MTA agrees to bus ads by Ground Zero mosque opponents
The MTA Monday announced it had agreed to allow opponents of a planned mosque near Ground Zero to run ads on New York City buses.
The announcement came three days after two organizations, the American Freedom Defense Initiative and Stop Islamization of America, sued the MTA for refusing to run their ads. The Metropolitan Transportation Authority initially said the ad's imagery was too closely associated with the Sept. 11, 2001, attacks.
The ad, as shown on the groups' websites, depicts a plane flying into a smoking World Trade Center tower beside a rendering of the mosque proposed to be built a few blocks from the site. The words "Why there?" appear between the two structures.
In an apparent about-face, the MTA statement Monday said that while it "does not endorse the views expressed in this or other ads that appear on the transit system," the groups' ad was accepted "after its review under MTA's advertising guidelines and governing legal standards."
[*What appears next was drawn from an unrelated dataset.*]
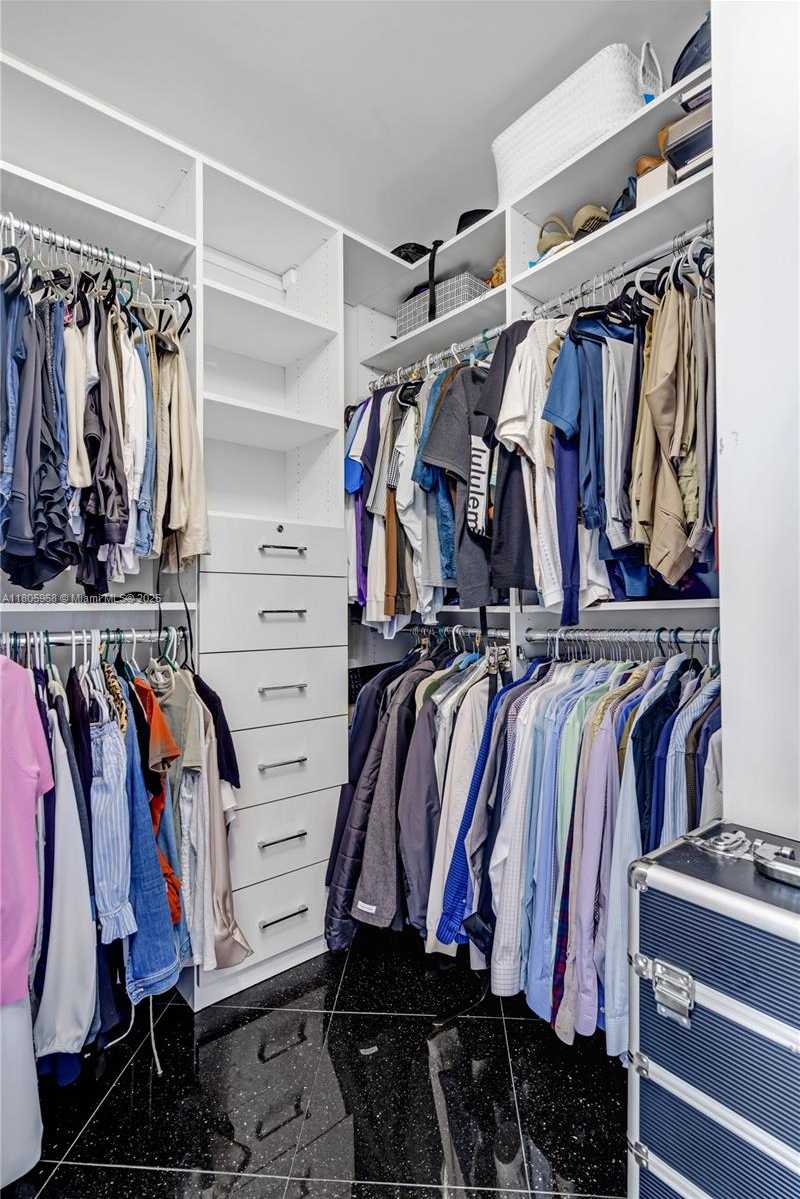 Small Image of 848 BRICKELL KEY DR #3803, Miami Number 27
Conservative blogger Pamela Geller, who heads Stop Islamization of America, said Monday she was "thrilled" with the MTA's decision.
"They knew they would lose," Geller said. "This is a freedom of speech issue. They knew it, or they never would have caved so quickly."
Geller said she originally agreed to tone down the ad, including removing the image of a plane and of the smoke near the World Trade Center tower. But, she said, the MTA's decision clears the way for the ad to appear as originally designed.
The ad, for which the groups paid about $10,000, will appear on 30 buses in New York City for about a month, including during the ninth anniversary of the attacks next month, Geller said.
The mosque is set to be built two blocks from the site of the World Trade Center. Real-estate developer Sharif El-Gamal, one of the main forces behind the mosque project, now called Park51, could not be reached for comment Monday.